The secret seems to be a matter of just getting into the right frame of mind. So I find (eventually) a parking place, take a deep breath, try to look and feel cheerful, and plunge in.

I'm thinking here of Dickens' Ghost of Christmas Present -- the jovial spirit who, invisible to all but Scrooge, shakes drops of magical incense from his blazing torch on the humble dinners of poor people and on the heads of quarrelsome ones and makes them all joyful, if only for Christmas Day. I like to think that invisible Ghost turns up occasionally in all those jostling crowds and shakes a little of his holiday seasoning on our heads when we need it.

If there's one group of folks who could really use his help -- who've needed it desperately, in fact, for several years now -- it's those pitiable souls who claim to love Christmas but get crankier and crankier with its approach; who are ever on the prowl for the tiniest signs that the rest of the world -- especially (and curiously, if you think about it) the commercial world -- is not living up to their demands for Christmas conformity; whose most treasured Christmas tradition has become the act of taking loud and indignant offense at the spectacularly inoffensive.

The early offender this year (and we're barely past Halloween) is a red coffee cup. There will no doubt be plenty more, held up as insidious threats to everything holy by shameless media charlatans who have made an industry of culture war in a season celebrating the Prince of Peace.

How very sad.

It's sad because not a single soul needs to be threatened, or bothered, or offended, by any of these trivial things we're being urged to fear and loathe, at a time of year that's supposed to be the opposite of fear and loathing.

Does anything about your observance of Christmas, your joy in the season, the fellowship and warmth of family and friends, your celebration of the coming of Christ, really depend on what's on the wall of a department store, or how you're greeted by some poor clerk who's on his or her feet 10 hours a day for minimum wage? If so, the "War on Christmas" is the one in your own tortured mind and troubled heart.

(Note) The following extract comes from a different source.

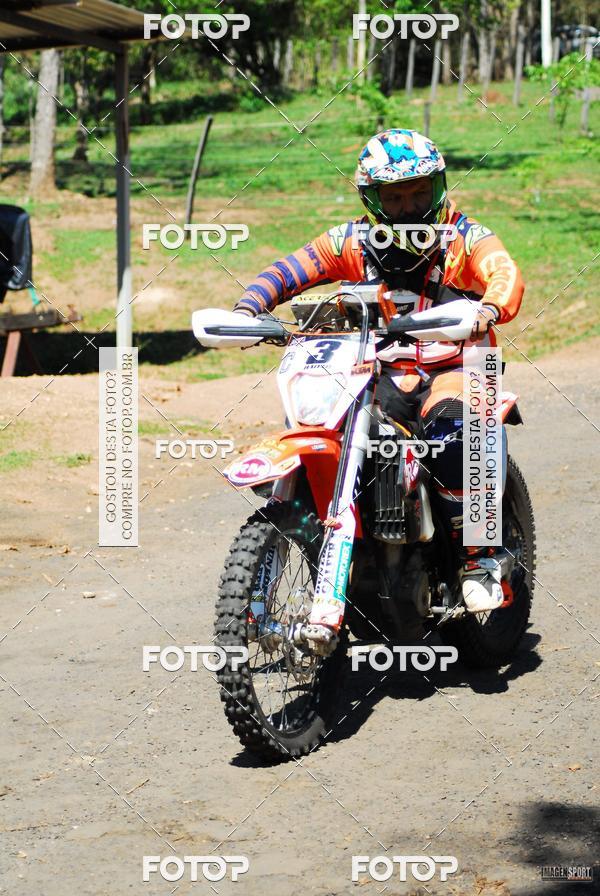 Buy your photos of the eventEnduro de Regularidade Uberlndia/MG on Fotop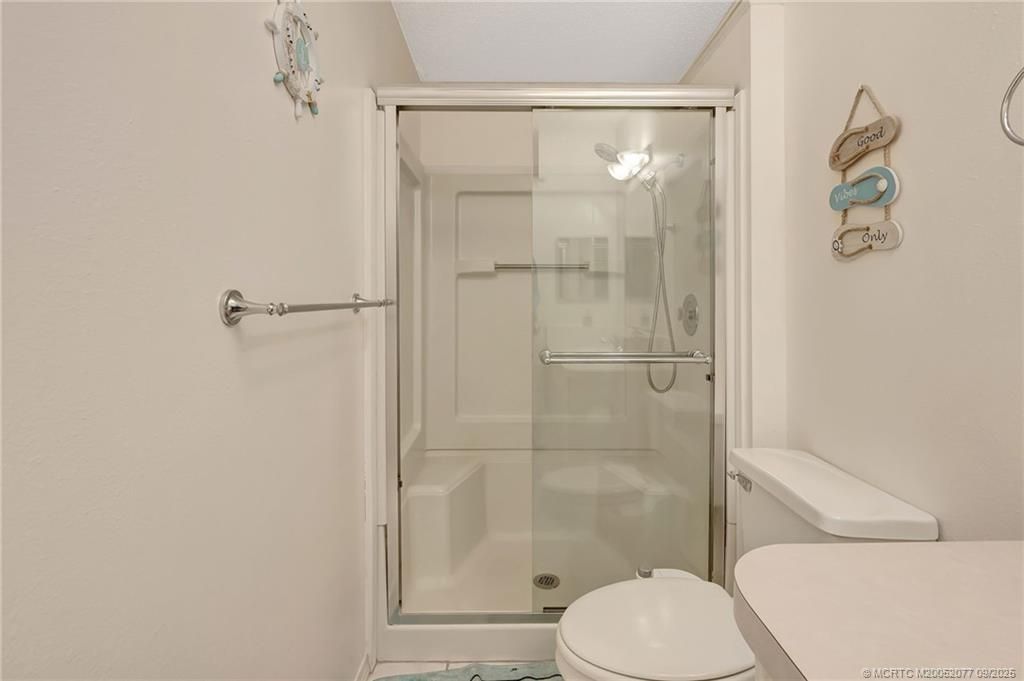 511 Nettles Boulevard, Jensen Beach, FL 34957 Photo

Over the last couple of years, some of the more aggressive culture thugs have succeeded in bullying merchants into bullying those minimum-wage employees into issuing a dutiful "Merry Christmas" to every customer -- a perfunctory note that does nothing to affect my observance of Christmas one way or the other. If this is supposed to be some kind of signal victory for Christians, its moral and doctrinal virtue escapes me.

The most bizarre effect of this needless annual divisiveness is that two of our oldest and most time-honored salutations -- "Happy Holidays" and "Season's Greetings" -- have now, in many fearful minds, become code for some secular agnostic assault on the sanctity of Christmas. (The people in my hometown who still display these cheerful greetings every year, right next to full-size manger scenes, must be blissfully unaware of what dangerously mixed messages they're sending.)

Meanwhile, as far as I'm concerned, any genuine and sincere greeting will be welcome, be it Merry Christmas, Season's Greetings, Happy Hanukkah, Jolly Kwanzaa, Sweet Saturnalia -- whatever.

If it's something somebody's told you to say, don't bother. I'll understand.

I'll love Christmas anyway. Once again this year, I'll celebrate it with my immediate family, and our faith family, and our friends, as we do every year. We'll decorate our Christmas tree (what anybody else chooses to call theirs has no effect whatever on our lives), with Christmas music on the living room stereo and a fire in the fireplace, and on Christmas morning we'll open our gifts over cinnamon rolls and coffee.

Sometime between now and then, I hope the Ghost of Christmas Present quietly waves his torch over the heads of people in danger of having their Christmas ruined by what they see or don't see at Starbucks and Wal-Mart.